In FIG. 2 , the cover tape 10 is used as a cover material of a strip-shaped carrier tape 20 having a concave bag 21 continuously provided in accordance with the shape of the electronic component. Specifically, the cover tape 10 is connected (generally heat-sealed) to the surface of the carrier tape 20 to cover the entire opening of the bag 21 of the carrier tape 20. In addition, hereinafter, the structure obtained by connecting the cover tape 10 and the carrier tape 20 is referred to as an electronic component package 100.

The electronic component package 100 can be produced, for example, by the following sequence. First, electronic components are contained in the bag 21 of the carrier tape 20. Then, the cover tape 10 is attached to the surface of the carrier tape 20 by heat sealing to cover the entire opening of the bag 21 of the carrier tape 20. At this time, the sealant layer 3 in the cover tape 10 is brought into contact with the carrier tape 20 (that is, heat sealing is performed so that the "back side" of the cover tape 10 in FIG. 2 becomes the sealant layer 3). In this way, a structure (electronic component package 100) that seals and contains electronic components can be obtained. There is no particular limitation on the specific operation method or conditions of heat sealing as long as the cover tape 10 is sufficiently firmly attached to the carrier tape 20. Typically, it can be performed using a known tape loading machine within a temperature range of 100 to 240°C, a load of 0.1 to 10 kgf, and a time range of 0.0001 to 1 second.

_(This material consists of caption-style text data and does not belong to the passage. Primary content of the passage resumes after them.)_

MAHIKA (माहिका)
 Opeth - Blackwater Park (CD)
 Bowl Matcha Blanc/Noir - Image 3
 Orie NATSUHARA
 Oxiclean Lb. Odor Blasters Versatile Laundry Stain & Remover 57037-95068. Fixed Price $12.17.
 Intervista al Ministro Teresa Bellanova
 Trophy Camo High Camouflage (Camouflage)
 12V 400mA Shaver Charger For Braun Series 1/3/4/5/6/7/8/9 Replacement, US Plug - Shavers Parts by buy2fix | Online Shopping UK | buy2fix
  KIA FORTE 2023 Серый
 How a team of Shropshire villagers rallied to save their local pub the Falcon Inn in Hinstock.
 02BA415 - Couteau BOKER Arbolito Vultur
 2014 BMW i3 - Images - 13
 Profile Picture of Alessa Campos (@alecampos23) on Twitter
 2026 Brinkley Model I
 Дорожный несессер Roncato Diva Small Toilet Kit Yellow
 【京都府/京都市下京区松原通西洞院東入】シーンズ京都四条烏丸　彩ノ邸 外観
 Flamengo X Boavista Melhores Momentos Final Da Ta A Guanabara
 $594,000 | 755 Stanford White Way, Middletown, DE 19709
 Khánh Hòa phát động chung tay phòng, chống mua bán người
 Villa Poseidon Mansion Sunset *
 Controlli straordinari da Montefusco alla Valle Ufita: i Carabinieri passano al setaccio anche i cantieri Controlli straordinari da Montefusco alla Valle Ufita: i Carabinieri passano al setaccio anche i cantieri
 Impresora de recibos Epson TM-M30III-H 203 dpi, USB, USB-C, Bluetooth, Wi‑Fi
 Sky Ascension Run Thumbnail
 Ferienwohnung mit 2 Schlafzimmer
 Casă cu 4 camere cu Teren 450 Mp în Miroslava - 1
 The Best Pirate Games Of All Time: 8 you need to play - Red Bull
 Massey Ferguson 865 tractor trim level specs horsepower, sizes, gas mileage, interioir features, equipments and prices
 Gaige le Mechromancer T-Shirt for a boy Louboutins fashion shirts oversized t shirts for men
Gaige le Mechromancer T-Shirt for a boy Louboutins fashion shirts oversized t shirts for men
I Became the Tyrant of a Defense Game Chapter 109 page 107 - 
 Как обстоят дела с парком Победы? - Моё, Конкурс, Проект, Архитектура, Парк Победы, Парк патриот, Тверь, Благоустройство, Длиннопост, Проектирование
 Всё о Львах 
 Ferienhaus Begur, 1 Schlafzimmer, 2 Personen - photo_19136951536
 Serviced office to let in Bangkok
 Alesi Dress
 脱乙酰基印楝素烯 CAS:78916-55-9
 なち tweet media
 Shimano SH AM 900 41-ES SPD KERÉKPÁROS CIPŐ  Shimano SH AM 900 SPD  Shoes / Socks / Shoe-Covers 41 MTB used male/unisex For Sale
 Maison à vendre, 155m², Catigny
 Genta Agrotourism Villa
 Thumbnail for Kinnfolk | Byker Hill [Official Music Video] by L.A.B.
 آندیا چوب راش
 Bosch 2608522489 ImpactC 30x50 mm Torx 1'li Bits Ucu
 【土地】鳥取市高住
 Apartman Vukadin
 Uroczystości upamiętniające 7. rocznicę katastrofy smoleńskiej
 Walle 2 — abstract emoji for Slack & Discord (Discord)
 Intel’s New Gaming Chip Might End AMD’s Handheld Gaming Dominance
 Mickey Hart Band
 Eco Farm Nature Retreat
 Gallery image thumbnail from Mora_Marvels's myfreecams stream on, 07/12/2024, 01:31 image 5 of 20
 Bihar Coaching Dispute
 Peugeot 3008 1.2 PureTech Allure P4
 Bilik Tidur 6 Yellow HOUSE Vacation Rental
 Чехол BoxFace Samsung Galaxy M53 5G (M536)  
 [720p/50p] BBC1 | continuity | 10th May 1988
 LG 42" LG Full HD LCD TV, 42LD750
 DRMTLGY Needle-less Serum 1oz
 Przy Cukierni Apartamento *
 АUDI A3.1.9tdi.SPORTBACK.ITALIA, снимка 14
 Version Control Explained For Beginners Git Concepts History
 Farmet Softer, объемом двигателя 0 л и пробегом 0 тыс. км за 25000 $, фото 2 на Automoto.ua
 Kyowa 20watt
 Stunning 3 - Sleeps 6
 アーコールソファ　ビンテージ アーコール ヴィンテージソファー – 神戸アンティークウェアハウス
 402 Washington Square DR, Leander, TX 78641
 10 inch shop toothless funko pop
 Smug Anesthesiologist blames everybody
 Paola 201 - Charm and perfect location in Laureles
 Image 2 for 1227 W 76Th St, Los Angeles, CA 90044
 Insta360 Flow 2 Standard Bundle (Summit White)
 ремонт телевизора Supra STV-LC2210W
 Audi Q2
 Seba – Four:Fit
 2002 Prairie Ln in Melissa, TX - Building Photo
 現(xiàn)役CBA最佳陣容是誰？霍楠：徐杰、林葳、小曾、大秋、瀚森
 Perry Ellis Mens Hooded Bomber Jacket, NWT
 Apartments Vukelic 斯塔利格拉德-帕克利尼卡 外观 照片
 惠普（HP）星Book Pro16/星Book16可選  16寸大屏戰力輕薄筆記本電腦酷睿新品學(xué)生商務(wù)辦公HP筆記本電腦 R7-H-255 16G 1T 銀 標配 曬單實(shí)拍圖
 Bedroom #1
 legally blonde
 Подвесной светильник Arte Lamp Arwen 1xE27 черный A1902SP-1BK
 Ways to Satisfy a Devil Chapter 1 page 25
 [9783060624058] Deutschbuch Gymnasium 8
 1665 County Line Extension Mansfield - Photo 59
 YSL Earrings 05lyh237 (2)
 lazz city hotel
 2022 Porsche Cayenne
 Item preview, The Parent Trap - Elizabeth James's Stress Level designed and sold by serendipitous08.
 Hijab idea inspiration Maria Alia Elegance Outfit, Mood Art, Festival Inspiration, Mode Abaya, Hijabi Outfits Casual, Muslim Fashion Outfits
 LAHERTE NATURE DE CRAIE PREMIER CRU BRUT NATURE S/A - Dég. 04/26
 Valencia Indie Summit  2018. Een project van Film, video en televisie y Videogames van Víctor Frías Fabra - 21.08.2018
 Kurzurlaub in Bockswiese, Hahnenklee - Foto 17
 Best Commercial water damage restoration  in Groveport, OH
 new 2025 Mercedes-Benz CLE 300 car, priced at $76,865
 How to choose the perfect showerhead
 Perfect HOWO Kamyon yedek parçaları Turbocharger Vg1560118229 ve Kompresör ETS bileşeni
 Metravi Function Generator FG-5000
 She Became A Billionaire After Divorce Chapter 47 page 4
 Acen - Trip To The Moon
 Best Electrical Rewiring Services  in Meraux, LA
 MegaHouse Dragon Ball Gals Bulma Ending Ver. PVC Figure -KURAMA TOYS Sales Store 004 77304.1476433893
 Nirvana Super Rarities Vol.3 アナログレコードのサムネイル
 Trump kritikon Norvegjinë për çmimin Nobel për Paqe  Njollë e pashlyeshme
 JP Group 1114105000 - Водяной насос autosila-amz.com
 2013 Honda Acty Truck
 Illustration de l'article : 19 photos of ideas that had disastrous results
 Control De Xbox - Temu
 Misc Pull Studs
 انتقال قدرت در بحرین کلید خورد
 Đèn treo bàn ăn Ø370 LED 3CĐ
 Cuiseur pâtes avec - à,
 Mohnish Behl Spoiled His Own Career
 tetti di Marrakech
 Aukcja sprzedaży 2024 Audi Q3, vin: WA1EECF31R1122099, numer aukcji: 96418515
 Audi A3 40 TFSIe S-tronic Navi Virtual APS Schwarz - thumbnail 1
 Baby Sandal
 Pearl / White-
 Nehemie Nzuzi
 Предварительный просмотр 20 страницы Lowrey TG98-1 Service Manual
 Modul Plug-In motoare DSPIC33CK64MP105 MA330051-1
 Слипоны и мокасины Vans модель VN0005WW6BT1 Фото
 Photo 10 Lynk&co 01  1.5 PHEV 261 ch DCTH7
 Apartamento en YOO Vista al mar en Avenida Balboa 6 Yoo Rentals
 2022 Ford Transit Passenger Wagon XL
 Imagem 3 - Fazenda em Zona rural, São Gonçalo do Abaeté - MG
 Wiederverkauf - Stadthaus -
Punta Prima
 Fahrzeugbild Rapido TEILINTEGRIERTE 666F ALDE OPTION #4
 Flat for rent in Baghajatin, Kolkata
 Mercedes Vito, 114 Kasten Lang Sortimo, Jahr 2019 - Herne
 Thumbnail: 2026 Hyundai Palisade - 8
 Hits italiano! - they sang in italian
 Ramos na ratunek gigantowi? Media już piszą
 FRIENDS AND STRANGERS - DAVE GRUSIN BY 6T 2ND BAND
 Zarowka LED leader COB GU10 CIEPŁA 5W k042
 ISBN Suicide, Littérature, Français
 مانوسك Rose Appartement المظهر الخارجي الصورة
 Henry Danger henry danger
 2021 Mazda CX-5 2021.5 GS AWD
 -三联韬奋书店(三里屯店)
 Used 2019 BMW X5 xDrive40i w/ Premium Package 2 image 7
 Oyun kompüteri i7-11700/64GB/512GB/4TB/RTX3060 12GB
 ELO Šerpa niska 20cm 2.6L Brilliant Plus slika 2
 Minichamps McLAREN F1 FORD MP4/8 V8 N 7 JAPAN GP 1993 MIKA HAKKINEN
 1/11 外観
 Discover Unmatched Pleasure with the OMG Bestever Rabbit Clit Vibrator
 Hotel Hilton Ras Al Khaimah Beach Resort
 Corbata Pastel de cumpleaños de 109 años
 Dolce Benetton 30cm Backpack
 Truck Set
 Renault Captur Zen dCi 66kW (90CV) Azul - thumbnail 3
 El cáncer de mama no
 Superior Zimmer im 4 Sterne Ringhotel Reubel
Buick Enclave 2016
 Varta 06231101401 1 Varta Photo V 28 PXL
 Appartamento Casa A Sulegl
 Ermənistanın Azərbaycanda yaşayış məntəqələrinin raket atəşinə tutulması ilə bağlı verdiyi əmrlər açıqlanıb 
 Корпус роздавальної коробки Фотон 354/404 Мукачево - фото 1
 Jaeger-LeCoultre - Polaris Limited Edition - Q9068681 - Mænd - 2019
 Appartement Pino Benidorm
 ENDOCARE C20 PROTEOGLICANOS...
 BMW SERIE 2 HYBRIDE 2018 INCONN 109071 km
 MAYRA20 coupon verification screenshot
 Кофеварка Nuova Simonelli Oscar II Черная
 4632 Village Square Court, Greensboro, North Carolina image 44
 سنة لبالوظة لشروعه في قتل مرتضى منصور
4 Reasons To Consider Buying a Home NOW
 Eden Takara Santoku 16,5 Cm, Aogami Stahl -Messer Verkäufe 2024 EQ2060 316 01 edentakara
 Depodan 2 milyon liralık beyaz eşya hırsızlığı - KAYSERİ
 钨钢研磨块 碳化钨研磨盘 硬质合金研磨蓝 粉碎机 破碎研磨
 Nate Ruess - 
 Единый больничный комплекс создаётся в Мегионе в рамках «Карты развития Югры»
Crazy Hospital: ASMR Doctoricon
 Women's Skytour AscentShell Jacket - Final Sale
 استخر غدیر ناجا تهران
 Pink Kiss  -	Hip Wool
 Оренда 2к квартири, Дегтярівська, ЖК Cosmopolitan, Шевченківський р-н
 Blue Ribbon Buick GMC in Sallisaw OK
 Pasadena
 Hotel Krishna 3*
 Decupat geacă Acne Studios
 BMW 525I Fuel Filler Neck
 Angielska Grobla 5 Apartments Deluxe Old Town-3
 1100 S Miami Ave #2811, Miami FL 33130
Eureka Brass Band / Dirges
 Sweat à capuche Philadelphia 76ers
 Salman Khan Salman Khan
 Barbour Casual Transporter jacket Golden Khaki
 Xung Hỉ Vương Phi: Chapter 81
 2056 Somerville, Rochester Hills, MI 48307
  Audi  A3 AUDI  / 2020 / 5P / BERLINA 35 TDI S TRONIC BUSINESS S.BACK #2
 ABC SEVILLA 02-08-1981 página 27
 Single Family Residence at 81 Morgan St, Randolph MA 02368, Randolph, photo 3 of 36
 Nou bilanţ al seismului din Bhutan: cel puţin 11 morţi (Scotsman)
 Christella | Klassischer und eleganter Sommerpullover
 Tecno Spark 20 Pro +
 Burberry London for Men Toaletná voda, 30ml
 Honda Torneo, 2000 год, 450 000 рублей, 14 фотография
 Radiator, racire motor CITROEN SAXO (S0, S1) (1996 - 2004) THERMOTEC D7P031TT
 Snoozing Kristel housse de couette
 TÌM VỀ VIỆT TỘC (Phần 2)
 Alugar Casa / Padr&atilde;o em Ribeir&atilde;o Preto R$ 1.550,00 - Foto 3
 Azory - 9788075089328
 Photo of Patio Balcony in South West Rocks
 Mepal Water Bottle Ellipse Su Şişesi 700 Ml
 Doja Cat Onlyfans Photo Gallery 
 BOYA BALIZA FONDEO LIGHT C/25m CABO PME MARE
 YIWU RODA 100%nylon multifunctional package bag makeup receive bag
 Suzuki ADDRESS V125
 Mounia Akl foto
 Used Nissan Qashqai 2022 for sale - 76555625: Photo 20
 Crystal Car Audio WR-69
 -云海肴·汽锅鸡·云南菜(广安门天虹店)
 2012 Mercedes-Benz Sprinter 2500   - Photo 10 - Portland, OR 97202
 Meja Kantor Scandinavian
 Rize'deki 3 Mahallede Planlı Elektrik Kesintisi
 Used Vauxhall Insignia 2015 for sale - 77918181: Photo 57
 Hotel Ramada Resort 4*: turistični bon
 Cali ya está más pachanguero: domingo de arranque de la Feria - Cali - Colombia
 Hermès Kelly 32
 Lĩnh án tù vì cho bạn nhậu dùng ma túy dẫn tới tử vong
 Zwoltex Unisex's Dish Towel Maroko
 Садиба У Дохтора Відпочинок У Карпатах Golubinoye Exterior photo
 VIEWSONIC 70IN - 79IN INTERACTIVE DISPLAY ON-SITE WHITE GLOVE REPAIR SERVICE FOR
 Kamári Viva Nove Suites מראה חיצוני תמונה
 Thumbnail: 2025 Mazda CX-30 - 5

The material of the carrier tape 20 is not particularly limited as long as it can be connected to the cover tape 10 by heat sealing. It is generally made of resin or paper, preferably resin. As an example, the carrier tape 20 is composed of a material containing a polystyrene resin, a material containing a polycarbonate resin, a material containing a polyethylene terephthalate resin, etc.

The electronic component package 100 is wound on a reel, for example, and then transported to a work area where the electronic component is mounted on an electronic circuit board, etc. The reel can be made of metal, paper, plastic, etc.

After the electronic component package 100 is transported to the work area, the cover tape 10 is peeled off from the carrier tape 20 to take out the contained electronic components.

As described above, in this embodiment, it is preferred to package small electronic components in the electronic component package 100. In other words, the above-mentioned cover tape is particularly suitable for packaging small electronic components. If the size of the electronic component is specifically described, it is, for example, less than 1005 (1.0 mm × 0.5 mm), preferably less than 0603 (0.6 mm × 0.3 mm), and more preferably less than 0402 (0.4 mm × 0.2 mm).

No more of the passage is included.